Monday, May 3, 2010

I'm Getting a Slow Start

Maybe I am misled by the warm spring we have had so far, but I seem to be behind in my "regular" gardening. Working on building cold frames and trying to get some greens started early in cold frames I have been late in starting seeds for the garden. As a result I have peppers that are just beginning to form their first true leaves and tomatoes that certainly don't look like they will be big enough to set out later this month.

I am concerned about the potting soil I used. It retains a lot of moisture so that some of the seedlings that I set out were sitting in dripping potting soil. But they certainly have roots. I am mostly concerned about the growth of the seedlings. Several days ago I planted out the smallest lettuce seedlings ever. But, knowing that lettuce is pretty hardy (and that I have bunches more still in their little containers), I set out about 60 tiny seedlings. I put them in the frame that I used for the winter lettuce and, later, the early Asian greens and covered the frame with row cover material to protect them from too much sunlight. Hopefully the slugs won't find them immediately.

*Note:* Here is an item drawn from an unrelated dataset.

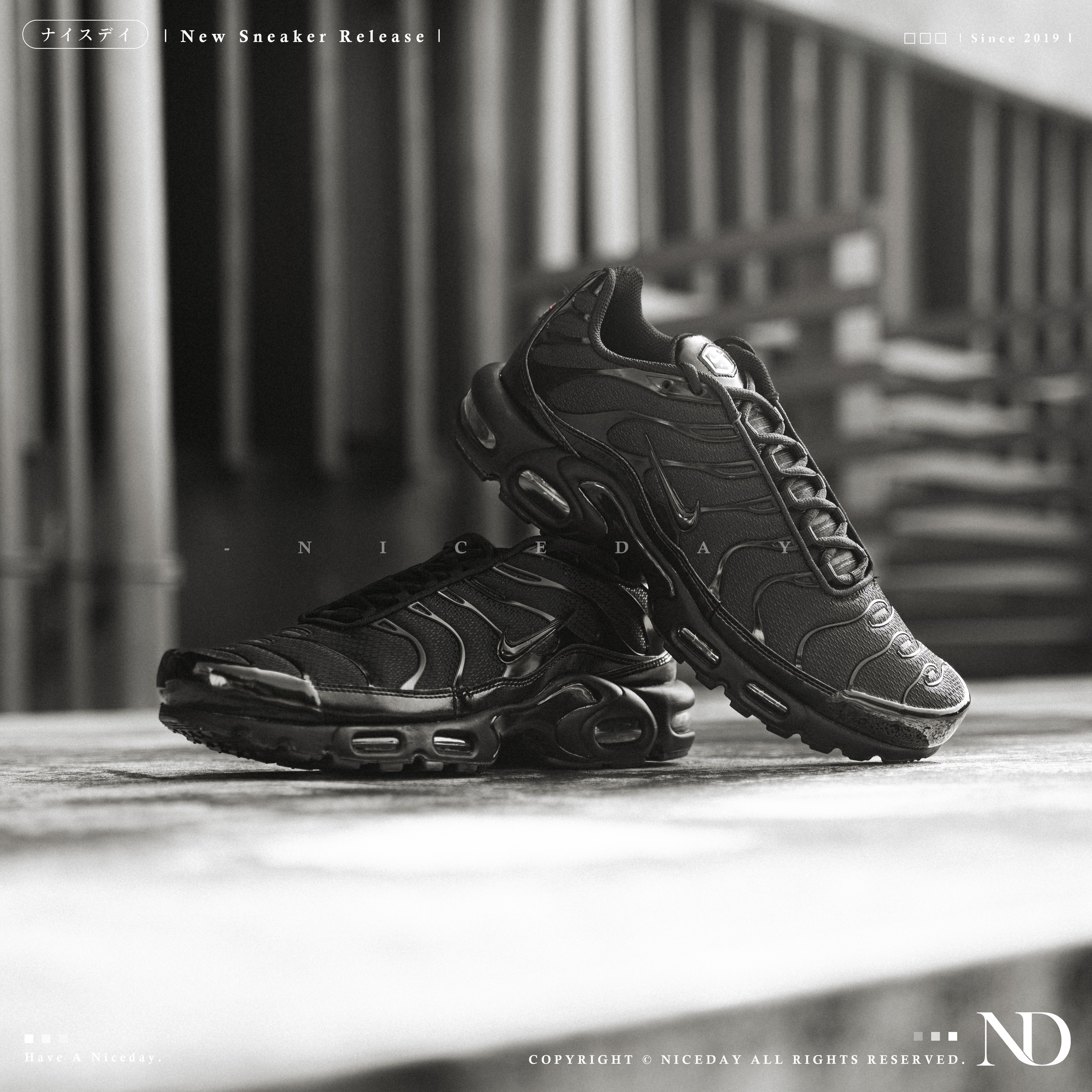 NICEDAY 現貨 Nike Air Max Plus 黑武士 黑 男款 604133-050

I have also set out celeriac - although this may be too early as I have read that they will bolt in the warm weather. Anyone with experience with celeriac, let me know. The parsley is in - now that it is large enough so that I can distinguish it from the cutting celery. [I didn't label the containers.] I have planted potatoes and set out more leeks yesterday. I planted the leeks by dropping them into holes made with a dowel. Usually I dig trenches and plant them in the bottom and then pull the extra soil over them as they grow. I'll see how this method works because it is certainly easier and allows more leeks in the same space since there isn't soil piled up along the sides.

We may now be where we are producing enough of our own greens that we don't need to buy them at the grocery store. The Asian greens (Chinese cabbages, komatsuna, and pak choi) have grown well and are ready to eat. We have been working on the lettuces that I planted out in the cold frames earlier. [The winter lettuce have been gone for some time - how long will 22 lettuce plants last?] We have been eating last year's kale and scallions and have started on this year's zen and spinach.

Now, since I am already late, I need to start some basil, more kale and squash inside, and fava beans and scallions outside. From the limited way in which scallions have germinated inside this year I suspect that the seeds have lost much of their viability.

And, just as I finish this my wife spotted a nice fat groundhog in the back yard with something nice and green in its mouth. Guess we didn't get them all last year.